Best of the Month – Skin In The Game

| On 15, Aug 2018

Darrell Mann

When Nassim Nicholas Taleb releases a new book, its unlikely there will be anything else arriving on the market that will be able to compete for our Best Of The Month slot. And, true to form, his new book Skin In The Game delivers the goods.

Admittedly, however, when I saw Taleb lecturing in London on the day of the launch of the book, I felt like reversing my instincts. To the point where I ended up writing a blog post to vent my frustration about how bad the lecture was. Fortunately, (I think) I’ve managed to get that frustration out of my system now. Enough at least to allow myself to read and re-read the book without thinking about how poorly Taleb came across in the flesh.

So what we get in Skin In The Game is Taleb’s anger at various sectors of society nicely turned up to eleven. If you don’t like economists, politicians, fat-cat CEOs, journalists and academics, and want to read someone elegantly demolishing each of them, this is the book for you. Their problem, Taleb convincingly demonstrates is that these are the professions in which no-one has any real ‘skin in the game’. That is, they are people who make pronouncements about the future safe in the knowledge that if those pronouncements don’t pan out there’s little or no negative consequence to them personally, but rather a lot to the people that had the bad fortune of listening to them and acting upon their pronouncements. About 40% of the book is basically a rant against these people.

Another 40% of the book describes a series of strategies and heuristics for dealing with risk and making sure you deal with people who do possess some actual skin in the games you’re thinking of participating in.

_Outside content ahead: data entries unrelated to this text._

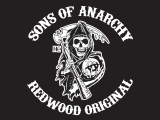 Sons_of_Anarchy_Wallpaper_by_dannis2.png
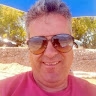 ΚΏΣΤΑΣ ΦΙΛΙΠΠΊΔΗΣ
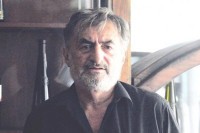 Jovan Tintor ostatak kazne izdržava u Srbiji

The final 20% then seems to be about Taleb answering various of his critics. Some of this content is quite funny, but mostly it comes across as Taleb showing-off his ‘let me show you how much smarter than you I am’ intellect. Granted his ability to step back, see big pictures does put him at a major advantage over 99% of other commentators. When people attack him without understanding complexity they’re always going to find themselves on shaky ground. Usually finding themselves embarrassed at the wrong end of some serious mathematical argument. This too can be quite funny, even if I have to resort to humming the mathematical formulae half the time.

First time through at least, the ‘best bits’ are the always-pithy italicized pull-out sentences. If you’re an aphorism fan, this is your book:

“You do not want to win an argument. You want to win.”

“Things designed by people without skin in the game tend to grow in complication (before their final collapse).”

“Under the right market structure, a collection of idiots produces a well-functioning market’.”

“Anything that smacks of competition destroys knowledge.”

“If your private life conflicts with your intellectual opinion, it cancels your intellectual ideas, not your private life.”

Second time through, you get to read the power behind the aphorism. And see the chips on Taleb’s shoulders (both – he’s a well balanced guy!) for what they are: the rantings of a smart person who is so disgusted by the (mainly journalists) who criticize him that he can no longer be bothered to assemble a coherent argument.

He doesn’t understand ‘solving contradictions’ (the subject of a second blogpost I wrote), and because he therefore lives in a frustrating either/or world he can’t see past the criticism to the usually intended useful discussion point. See, for example, Zoe Williams review of the book in The Guardian (https://www.theguardian.com/books/2018/feb/22/skin-in-the-game-nassim-nicholas-taleb-review). Mostly highly complementary about the book, Taleb, obviously still feeling aggrieved at a past argument with another journalist on the paper, ends up resorting to a suite of Twitter/Blog diatribes attacking Williams. Part of her criticism was that the book would have been better if Taleb had employed an assistant to do some fact checking for him. Assistants don’t have skin in the game he swiftly retorted, the author is an artisan and must stand or fall on their own work. Which has a certain ring of truth to it if you don’t understand contradictions. But if you do understand contradictions and you read some of the dumber stories in the book (the Prince Andrew nonsense would make a good start!), you’re left thinking only that both he and Williams are right. Authors should indeed stand-or fall on their publications, but that shouldn’t stop them from employing someone in the background to do a touch of fact-checking here or there. Assistants can be made to have skin in the game too. Especially if they’re working for Nassim Taleb.

On this level, the book will make you angry. On most others it will make you positively gleeful. Either way, that’s the mark of the man. It’s Taleb, and therefore you need to read it.